如何使用Python将GitHub源中的原始Jupyter Notebook转换为JSON文件及JSON列表

阿华AIGC实验室

2026-4-30

Convert GitHub Jupyter Notebook to JSON (and JSON List) with Python

Got it, let's walk through exactly how to convert a Jupyter Notebook from GitHub into JSON format, plus how to turn specific parts (or the whole structure) into a JSON list using Python. Here's a practical, step-by-step breakdown:

Prerequisites

First, install the required libraries—these handle Notebook parsing and HTTP requests:

pip install nbformat requests

Step 1: Fetch the Raw Notebook from GitHub

GitHub serves Jupyter Notebooks as raw JSON under the hood, but you need the raw file URL (not the web page URL). To get this:

Go to your Notebook's GitHub page
Click the "Raw" button in the top-right of the file view
Copy that URL

Use requests to pull the raw content:

import requests
import nbformat
import json

# Replace with your Notebook's raw GitHub URL
raw_url = "https://raw.githubusercontent.com/your-username/your-repo/main/notebooks/example.ipynb"

try:
    response = requests.get(raw_url)
    response.raise_for_status()  # Raise error if request fails
    notebook_raw = response.text
except requests.exceptions.RequestException as e:
    print(f"Error fetching Notebook: {e}")

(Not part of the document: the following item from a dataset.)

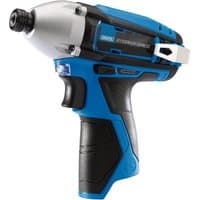 Blue and black Draper Storm Force cordless impact driver with silver 1/4" hex head and ergonomic grip.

Step 2: Convert the Notebook to JSON

The nbformat library is the official tool for working with Jupyter Notebook files. We'll parse the raw content and then serialize it to JSON:

# Parse the raw Notebook content into a Notebook object
notebook = nbformat.reads(notebook_raw, as_version=4)  # Version 4 is the current standard

# Convert the Notebook object to a JSON string
notebook_json = nbformat.writes(notebook)

# Save to a JSON file
with open("notebook_output.json", "w") as f:
    f.write(notebook_json)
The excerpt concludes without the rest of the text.